Your task:
Write out the lines of the material below exactly, beginning at the line with "Skull Insulated Water Bottle" and stopping after the line with "Guía Cadena Acerbis", and leave out the pictures.

(Material for the task)

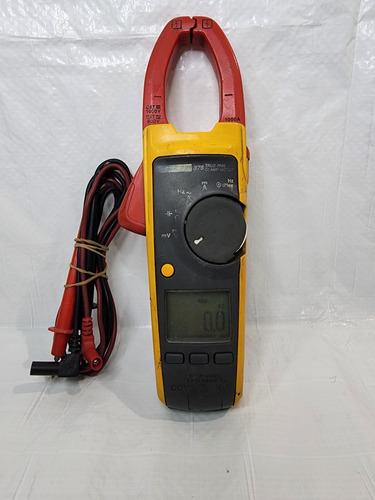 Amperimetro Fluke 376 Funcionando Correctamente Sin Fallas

(End Material for the task)
(Material for the task)

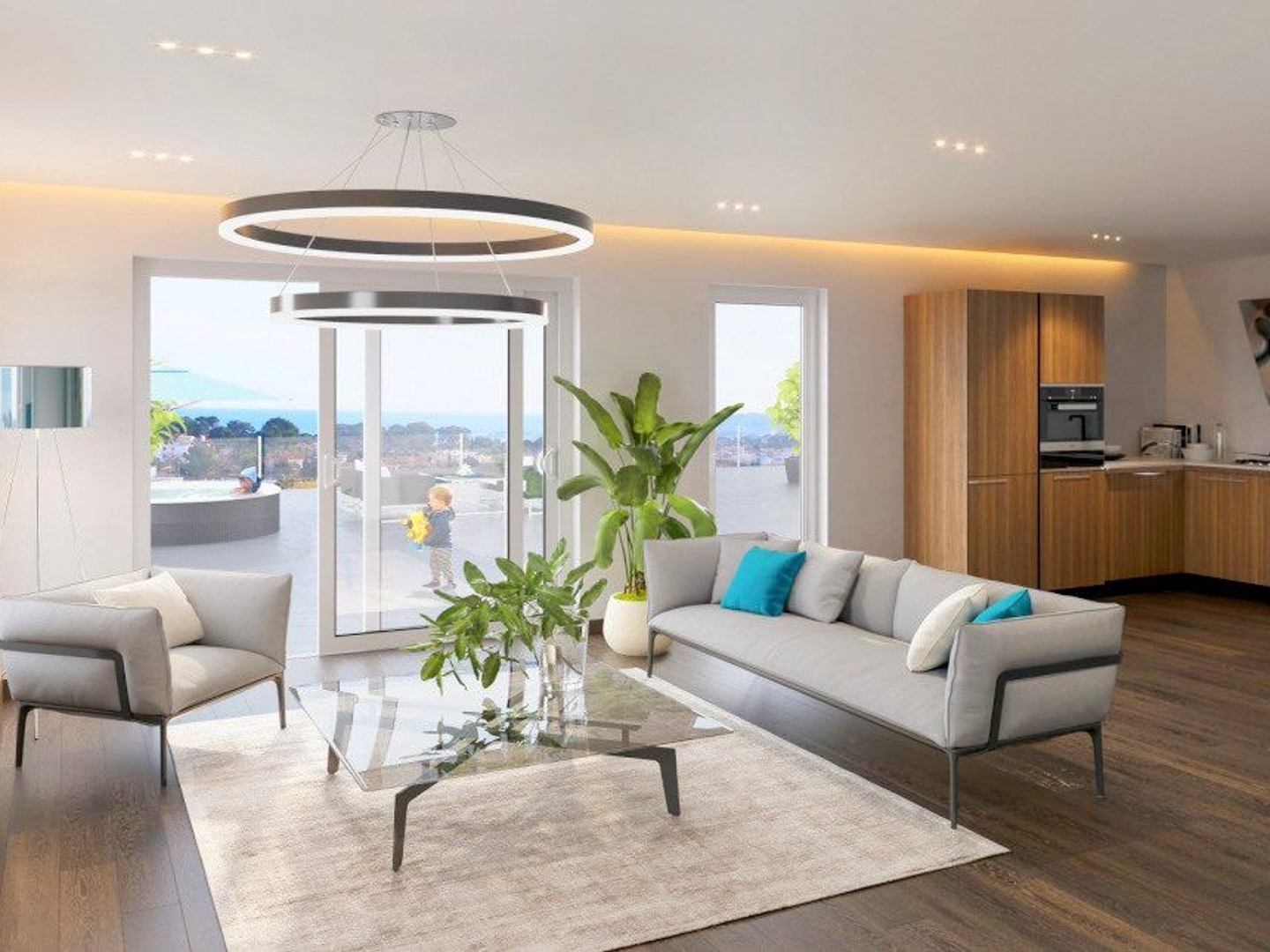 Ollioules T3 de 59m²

(End Material for the task)
(Material for the task)

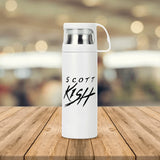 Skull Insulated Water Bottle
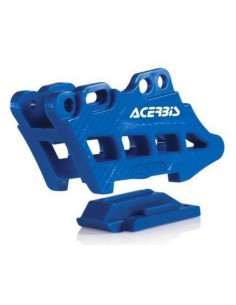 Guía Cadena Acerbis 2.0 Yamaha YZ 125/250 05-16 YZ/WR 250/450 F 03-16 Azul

(End Material for the task)

Written reply:
 Skull Insulated Water Bottle
 Guía Cadena Acerbis 2.0 Yamaha YZ 125/250 05-16 YZ/WR 250/450 F 03-16 Azul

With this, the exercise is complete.